After Etan's disappearance, though, Patz said she noticed a change in the man prosecutors said owned the bodega. The man, Juan, was Hernandez's brother-in-law. Patz said he no longer greeted her on the street and seemed to avert his eyes.
But she said that many people's attitudes had changed.
"Our friends and neighbors didn't know how to respond to us," said Patz, who with her husband, Stanley, became active in efforts to improve the national response to finding missing children. The effort led to the placing of missing children's pictures, including Etan's, on milk cartons and to the designation of May 25 as National Missing Children's Day.

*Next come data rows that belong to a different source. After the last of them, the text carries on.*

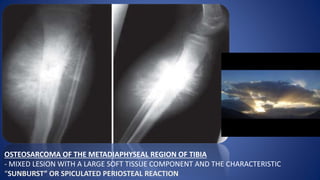 OSTEOSARCOMA OF THE METADIAPHYSEAL REGION OF TIBIA
- MIXED LESION WITH A LARGE SOFT TISSUE COMPONENT AND THE CHARACTERISTIC
“SUNBURST” OR SPICULATED PERIOSTEAL REACTION
 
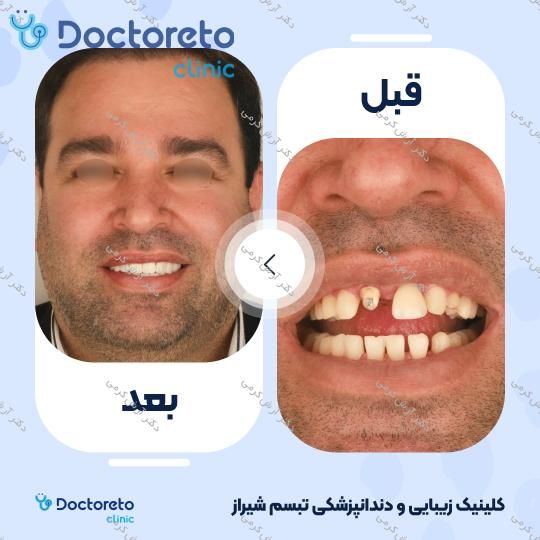 ایمپلنت دیجیتال dio کره ای با روکش (هر واحد) دکتر آرش کرمی در شیراز 32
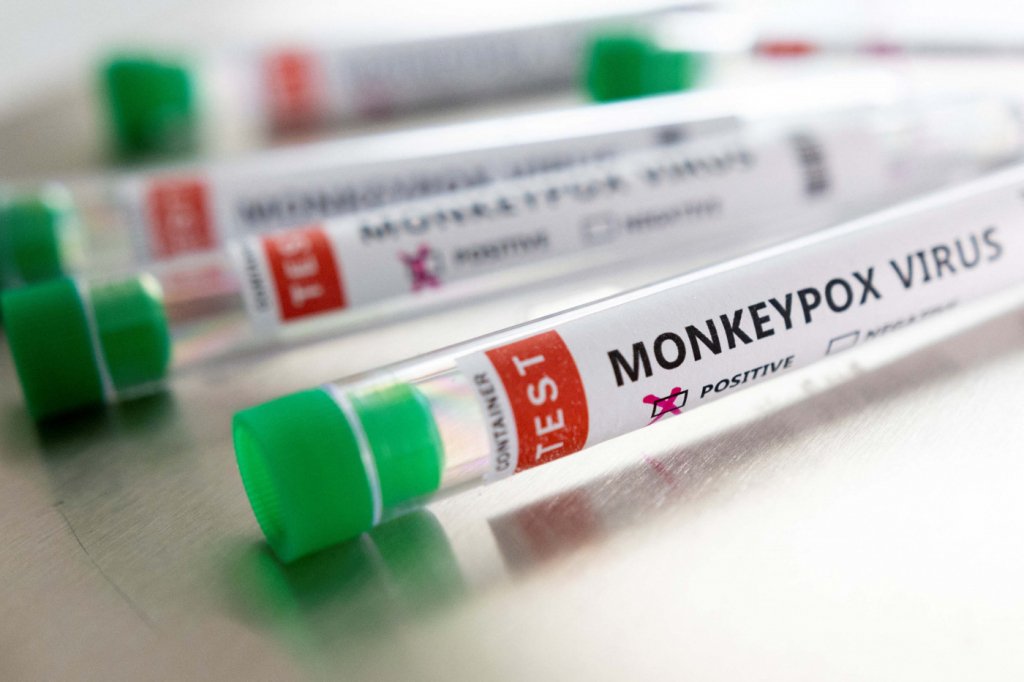 OMS contabiliza 92 casos da varíola dos macacos e diz esperar mais nos próximos dias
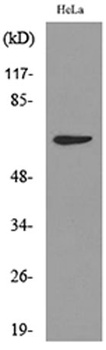 Cytokeratin-pan (Acetyl Lys194) rabbit pAb Antibody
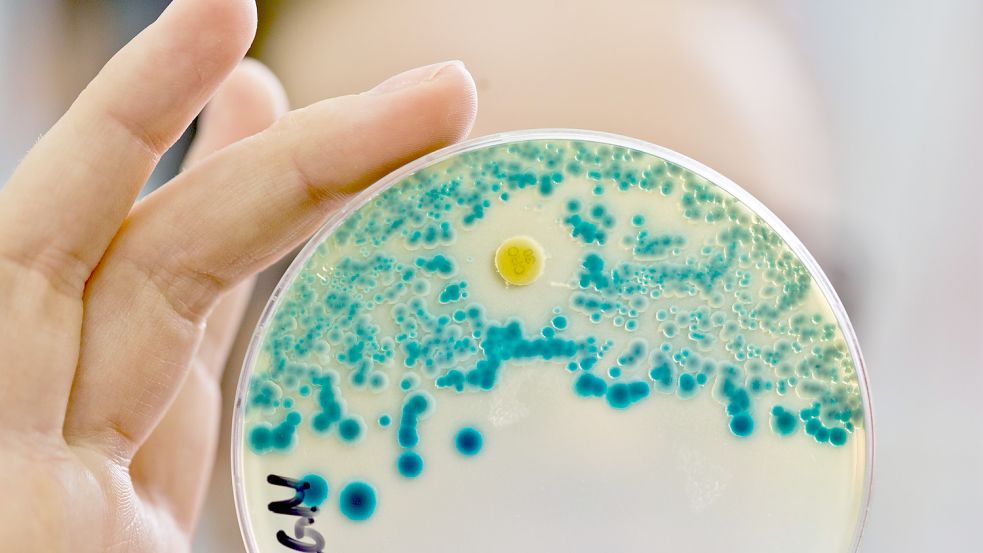 Weltweit nehmen bei Bakterien Unempfindlichkeiten gegen Antibiotika zu. Auf dem Bild zeigt eine Labormitarbeiterin eine Petrischale, in der Bakterien auf Resistenzen getestet werden. Foto: dpa / Daniel Karmann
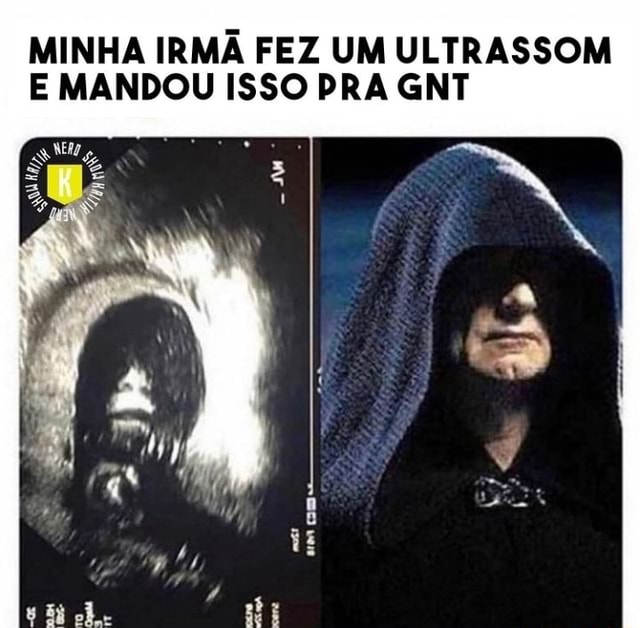 MINHA IRMÃ FEZ UM ULTRASSOM E MANDOU ISSO PRA GNT ME y - iFunny Brazil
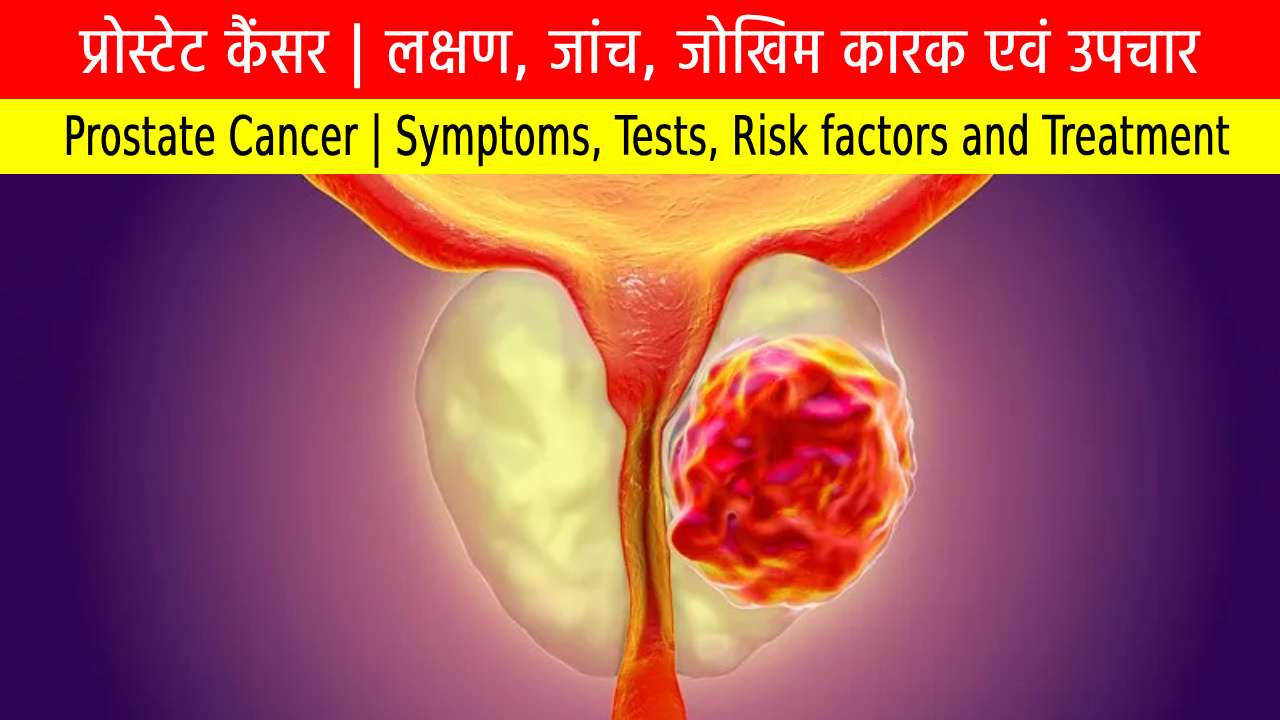प्रोस्टेट कैंसर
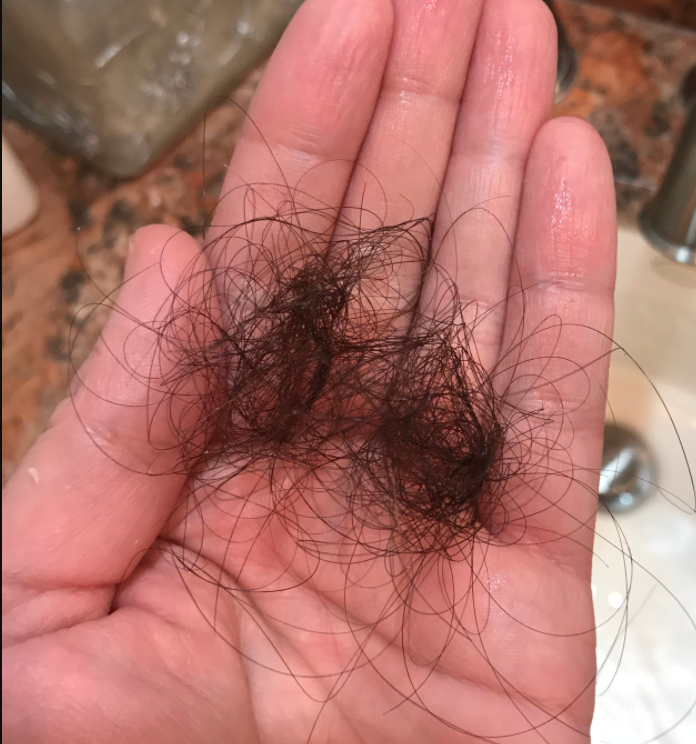 What Is a Normal Amount of Hair Loss to From Showering?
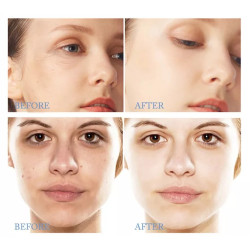 Velashape vakuumo lazerio aparatas 5-1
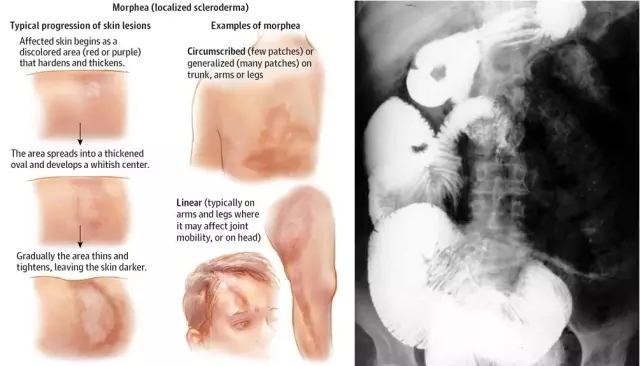 军医提醒:胃肠不适?警惕七大结缔组织病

Etan's disappearance ended the day-care center that Patz had operated out of her home, and for weeks she said the loft that was usually filled with children playing and doing crafts turned into "police headquarters."
Altman testified that she visited the Patz family in the days after Etan disappeared and found a different place than the fun-filled haven of toys and games she had known.
"The house was in a state of grief," Altman said.